Any ideas ? My data is getting out of date to the extent it's causing problems now.


----------



## DanBates (Jun 10, 2002)

This from tivoweb when executing nic_config_tivo:

_bash-2.02# nic_config_tivo

TiVo TurboNet/AirNet/CacheCard on Tivo Configure - 20050218

Copyright 2002-2004 Silicondust Engineering Ltd. All rights reserved.

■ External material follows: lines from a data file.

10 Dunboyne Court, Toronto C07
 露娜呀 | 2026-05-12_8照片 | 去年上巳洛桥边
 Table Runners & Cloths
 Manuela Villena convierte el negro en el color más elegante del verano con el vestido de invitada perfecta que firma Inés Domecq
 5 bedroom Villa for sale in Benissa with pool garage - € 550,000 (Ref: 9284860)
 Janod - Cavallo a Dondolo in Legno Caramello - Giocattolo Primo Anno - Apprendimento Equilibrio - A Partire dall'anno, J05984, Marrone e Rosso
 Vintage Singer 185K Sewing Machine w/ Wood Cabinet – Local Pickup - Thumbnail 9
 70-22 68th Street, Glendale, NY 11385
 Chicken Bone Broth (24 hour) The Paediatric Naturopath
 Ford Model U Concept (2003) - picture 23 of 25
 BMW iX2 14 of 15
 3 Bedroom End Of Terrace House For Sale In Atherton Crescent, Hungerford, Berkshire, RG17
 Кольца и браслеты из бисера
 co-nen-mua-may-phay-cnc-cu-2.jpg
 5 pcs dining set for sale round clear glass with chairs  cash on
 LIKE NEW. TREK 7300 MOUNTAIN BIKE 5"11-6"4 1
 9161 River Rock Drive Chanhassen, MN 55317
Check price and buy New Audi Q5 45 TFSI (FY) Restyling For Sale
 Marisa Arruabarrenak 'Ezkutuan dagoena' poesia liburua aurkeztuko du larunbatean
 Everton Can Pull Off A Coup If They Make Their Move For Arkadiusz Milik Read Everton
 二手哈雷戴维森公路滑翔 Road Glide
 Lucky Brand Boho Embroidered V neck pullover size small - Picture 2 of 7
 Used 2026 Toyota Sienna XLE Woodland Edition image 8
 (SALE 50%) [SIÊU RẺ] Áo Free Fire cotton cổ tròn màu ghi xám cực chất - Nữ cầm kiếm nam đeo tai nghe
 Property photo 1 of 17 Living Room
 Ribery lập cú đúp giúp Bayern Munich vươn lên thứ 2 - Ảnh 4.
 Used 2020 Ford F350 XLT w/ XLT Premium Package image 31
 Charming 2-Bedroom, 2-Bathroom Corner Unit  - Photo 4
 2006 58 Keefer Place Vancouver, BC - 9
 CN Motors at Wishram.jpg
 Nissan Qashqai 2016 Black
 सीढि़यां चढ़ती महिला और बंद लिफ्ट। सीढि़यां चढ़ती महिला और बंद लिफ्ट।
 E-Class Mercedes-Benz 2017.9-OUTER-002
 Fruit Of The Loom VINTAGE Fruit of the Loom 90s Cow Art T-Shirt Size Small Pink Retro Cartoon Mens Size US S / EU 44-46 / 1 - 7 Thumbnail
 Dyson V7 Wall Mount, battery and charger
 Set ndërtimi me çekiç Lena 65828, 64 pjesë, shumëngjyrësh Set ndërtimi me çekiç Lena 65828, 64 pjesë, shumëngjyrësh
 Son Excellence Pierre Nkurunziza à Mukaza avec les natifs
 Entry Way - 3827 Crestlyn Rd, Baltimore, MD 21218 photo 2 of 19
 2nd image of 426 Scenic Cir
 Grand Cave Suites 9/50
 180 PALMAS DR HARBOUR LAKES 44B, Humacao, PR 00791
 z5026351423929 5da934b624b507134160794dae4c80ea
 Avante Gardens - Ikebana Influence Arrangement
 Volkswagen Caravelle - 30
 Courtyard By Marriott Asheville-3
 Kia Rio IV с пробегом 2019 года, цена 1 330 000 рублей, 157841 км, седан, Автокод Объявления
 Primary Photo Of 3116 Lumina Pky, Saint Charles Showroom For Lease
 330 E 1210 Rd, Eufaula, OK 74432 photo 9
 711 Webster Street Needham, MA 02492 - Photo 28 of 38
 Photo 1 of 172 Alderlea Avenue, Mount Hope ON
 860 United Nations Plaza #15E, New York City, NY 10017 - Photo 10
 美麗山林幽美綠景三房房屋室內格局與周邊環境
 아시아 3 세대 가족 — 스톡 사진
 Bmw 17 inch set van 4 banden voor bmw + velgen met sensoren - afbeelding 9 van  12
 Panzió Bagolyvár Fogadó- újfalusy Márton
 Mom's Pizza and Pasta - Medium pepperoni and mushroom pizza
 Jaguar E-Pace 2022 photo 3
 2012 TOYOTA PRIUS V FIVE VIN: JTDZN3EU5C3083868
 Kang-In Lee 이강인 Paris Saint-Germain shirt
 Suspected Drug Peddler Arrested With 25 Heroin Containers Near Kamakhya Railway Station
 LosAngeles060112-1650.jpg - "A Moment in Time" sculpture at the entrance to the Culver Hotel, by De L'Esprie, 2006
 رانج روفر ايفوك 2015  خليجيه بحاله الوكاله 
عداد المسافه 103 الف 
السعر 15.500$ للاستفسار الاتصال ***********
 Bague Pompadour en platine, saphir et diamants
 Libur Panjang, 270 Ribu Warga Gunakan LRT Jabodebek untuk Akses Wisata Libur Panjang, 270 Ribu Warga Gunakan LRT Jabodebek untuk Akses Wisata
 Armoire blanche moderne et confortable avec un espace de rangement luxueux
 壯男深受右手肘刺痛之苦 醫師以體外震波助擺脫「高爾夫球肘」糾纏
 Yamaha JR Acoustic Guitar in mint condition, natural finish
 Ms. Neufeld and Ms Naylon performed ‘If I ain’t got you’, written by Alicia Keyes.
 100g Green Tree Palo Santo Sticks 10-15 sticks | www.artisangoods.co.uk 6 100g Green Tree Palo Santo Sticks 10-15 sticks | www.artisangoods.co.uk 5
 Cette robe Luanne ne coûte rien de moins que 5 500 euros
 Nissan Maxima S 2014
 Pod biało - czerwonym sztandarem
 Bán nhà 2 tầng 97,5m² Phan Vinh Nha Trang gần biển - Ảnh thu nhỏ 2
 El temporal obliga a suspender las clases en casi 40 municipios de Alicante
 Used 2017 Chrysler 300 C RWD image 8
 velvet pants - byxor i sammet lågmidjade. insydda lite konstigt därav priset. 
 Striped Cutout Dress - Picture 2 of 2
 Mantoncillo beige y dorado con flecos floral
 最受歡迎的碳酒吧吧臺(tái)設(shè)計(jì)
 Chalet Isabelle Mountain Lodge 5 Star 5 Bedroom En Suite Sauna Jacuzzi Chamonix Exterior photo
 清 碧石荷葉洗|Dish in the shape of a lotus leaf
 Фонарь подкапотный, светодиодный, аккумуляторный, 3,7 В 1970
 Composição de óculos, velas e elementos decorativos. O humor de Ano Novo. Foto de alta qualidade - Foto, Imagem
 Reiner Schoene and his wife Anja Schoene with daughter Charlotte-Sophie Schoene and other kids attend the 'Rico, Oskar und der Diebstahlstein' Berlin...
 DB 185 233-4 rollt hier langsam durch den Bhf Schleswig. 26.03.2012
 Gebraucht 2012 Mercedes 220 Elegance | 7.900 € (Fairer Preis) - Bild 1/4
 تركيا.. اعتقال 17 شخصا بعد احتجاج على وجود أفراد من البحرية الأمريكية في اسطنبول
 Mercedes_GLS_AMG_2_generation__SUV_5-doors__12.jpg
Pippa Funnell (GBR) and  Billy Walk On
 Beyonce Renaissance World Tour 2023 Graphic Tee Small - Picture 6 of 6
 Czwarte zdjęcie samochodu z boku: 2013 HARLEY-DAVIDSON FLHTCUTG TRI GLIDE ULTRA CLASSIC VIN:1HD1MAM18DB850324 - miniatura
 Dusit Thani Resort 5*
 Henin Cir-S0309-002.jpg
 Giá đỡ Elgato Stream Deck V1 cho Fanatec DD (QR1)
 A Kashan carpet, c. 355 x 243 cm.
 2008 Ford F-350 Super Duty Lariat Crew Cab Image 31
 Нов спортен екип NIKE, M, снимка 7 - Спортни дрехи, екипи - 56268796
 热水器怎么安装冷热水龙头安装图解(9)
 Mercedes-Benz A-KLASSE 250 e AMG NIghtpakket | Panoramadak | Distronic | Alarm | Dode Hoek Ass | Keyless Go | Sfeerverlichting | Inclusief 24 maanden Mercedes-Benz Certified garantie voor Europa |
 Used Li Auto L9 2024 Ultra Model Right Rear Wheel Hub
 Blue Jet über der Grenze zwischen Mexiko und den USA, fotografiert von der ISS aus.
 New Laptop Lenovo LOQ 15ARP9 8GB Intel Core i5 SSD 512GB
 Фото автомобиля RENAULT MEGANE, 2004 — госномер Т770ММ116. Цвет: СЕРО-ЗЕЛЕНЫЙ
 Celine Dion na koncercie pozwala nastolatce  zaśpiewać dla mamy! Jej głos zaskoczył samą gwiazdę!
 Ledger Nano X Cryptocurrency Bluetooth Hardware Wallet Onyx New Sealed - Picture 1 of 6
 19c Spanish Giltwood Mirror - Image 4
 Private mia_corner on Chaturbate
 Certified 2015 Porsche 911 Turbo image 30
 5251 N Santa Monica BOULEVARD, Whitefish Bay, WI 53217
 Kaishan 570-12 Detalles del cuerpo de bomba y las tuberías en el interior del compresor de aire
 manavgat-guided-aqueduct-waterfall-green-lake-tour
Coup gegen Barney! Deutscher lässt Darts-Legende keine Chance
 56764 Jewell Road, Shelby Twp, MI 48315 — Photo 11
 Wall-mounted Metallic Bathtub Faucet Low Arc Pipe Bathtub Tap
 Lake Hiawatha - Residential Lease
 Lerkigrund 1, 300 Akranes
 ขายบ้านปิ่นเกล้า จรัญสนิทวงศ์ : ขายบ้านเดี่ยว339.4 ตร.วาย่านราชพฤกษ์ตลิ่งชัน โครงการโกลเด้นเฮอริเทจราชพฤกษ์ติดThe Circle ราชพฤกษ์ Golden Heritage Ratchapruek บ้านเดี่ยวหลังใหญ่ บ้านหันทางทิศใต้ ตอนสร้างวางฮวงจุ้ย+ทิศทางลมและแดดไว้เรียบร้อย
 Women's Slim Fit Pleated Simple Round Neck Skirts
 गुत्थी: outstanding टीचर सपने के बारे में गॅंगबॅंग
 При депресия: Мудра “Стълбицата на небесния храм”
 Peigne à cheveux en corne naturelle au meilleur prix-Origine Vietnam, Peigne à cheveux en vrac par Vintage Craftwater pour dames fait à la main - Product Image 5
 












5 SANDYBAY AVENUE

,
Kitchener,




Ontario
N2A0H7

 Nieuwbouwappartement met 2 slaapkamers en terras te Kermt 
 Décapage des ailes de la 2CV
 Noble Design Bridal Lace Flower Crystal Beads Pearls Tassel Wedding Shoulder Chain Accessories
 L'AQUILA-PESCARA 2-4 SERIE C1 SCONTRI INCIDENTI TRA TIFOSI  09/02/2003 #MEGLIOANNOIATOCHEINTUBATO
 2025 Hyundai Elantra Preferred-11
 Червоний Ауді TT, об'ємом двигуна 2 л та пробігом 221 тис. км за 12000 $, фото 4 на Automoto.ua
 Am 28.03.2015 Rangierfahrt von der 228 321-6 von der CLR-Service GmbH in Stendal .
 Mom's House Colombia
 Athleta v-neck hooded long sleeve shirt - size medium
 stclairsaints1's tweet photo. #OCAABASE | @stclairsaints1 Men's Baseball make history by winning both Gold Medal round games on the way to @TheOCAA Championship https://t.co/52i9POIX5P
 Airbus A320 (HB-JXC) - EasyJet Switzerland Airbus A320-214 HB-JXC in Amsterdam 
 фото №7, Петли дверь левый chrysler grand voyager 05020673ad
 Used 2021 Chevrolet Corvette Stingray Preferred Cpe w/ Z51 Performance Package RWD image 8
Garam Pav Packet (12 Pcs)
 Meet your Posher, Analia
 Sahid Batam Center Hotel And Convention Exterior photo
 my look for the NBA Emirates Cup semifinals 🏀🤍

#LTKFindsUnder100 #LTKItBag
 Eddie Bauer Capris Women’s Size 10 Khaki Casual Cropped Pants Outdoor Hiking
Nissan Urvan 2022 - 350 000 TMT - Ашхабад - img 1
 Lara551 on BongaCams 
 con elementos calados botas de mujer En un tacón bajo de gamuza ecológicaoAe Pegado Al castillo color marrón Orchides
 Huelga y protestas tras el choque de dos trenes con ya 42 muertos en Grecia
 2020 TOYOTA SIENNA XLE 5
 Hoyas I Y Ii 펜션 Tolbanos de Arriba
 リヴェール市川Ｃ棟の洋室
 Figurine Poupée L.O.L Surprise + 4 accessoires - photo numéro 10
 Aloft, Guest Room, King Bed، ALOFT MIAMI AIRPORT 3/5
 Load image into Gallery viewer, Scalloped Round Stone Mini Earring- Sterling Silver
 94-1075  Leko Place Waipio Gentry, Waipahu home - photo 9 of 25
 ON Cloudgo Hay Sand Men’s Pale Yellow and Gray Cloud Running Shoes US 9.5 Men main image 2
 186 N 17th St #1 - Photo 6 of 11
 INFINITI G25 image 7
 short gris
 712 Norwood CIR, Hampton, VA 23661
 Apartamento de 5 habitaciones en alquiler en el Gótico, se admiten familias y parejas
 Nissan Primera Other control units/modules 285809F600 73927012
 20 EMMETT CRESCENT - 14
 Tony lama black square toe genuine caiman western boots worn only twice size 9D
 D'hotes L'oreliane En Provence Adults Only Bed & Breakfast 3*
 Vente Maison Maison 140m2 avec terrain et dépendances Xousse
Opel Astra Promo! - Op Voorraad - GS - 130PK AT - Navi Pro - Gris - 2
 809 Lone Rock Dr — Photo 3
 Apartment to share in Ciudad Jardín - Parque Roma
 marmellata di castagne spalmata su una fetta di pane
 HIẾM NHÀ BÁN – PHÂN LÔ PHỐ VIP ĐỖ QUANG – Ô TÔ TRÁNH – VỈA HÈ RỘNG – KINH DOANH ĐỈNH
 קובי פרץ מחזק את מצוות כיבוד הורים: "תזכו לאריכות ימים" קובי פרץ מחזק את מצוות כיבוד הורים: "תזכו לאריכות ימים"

Detecting TiVo hard drive...

Detecting TiVo partitions...
Active kernel partition = /dev/hda3.
Inactive kernel partition = /dev/hda6.
Active root partition = /dev/hda4.
Inactive root partition = /dev/hda7.
Var partition = /dev/hda9.

Determining software version...
Thomson UK Stand Alone TiVo running 2.5.5-01-1-023

Remounting root partition...
Root successfully remounted as writable.

Checking installation type...
Configuring TurboNet installation.

Checking script...
Complete.

Current/New Configuration:
timing setting = optimal
mac address = 00:0B:AD0:BA:54
ip address = 192.168.0.20
ip subnet mask = 255.255.255.0
ip gateway = 192.168.0.1
debug level = off
daily call = network

Options
1: Change timing setting
2: Change MAC address
3: Change IP address/gateway
4: Change debug logging option
5: Change daily call option
9: View/extract log file
0: Apply and exit
!: Exit without saving

[0..6]?_


----------



## Glesgie (Feb 3, 2003)

Can you attach the TiVo to a phone line and check if it tries to dial out ?

If it does, then it is possibly the infamous race condition at startup.
The solution to that is to background all the commands in 

/etc/rc.d/rc.sysinit.author

by making sure/adding a space followed by an & at the end of each line.


----------



## DanBates (Jun 10, 2002)

Have reconnected the phone line and it works (despite the TiVO being set to 'make daily call over network')... At least the data is there which is the most important thing.

I'm going to fiddle with the rc.sysinit.author next. I saw the other threads, but wasn't sure they applied to me because they always seemed to have an event triggering the problem. I can't identify anything which might have caused this.

I'll update once the download has finished and I've tried the background thing.


----------



## Glesgie (Feb 3, 2003)

A reboot is all you need for this to happen.

Often a second reboot will fix it, but not always.


----------



## DanBates (Jun 10, 2002)

An additional reboot didn't work, even though the data was now in from the phone line. Thankfully though, when I edited the author file, one of the commands didn't have a " &" on it, and when I added it and rebooted it's all working again - whew !

No idea why it started happening, but frankly I don't care now I'm getting my data again !

Thanks so much for all your help Glesgie


----------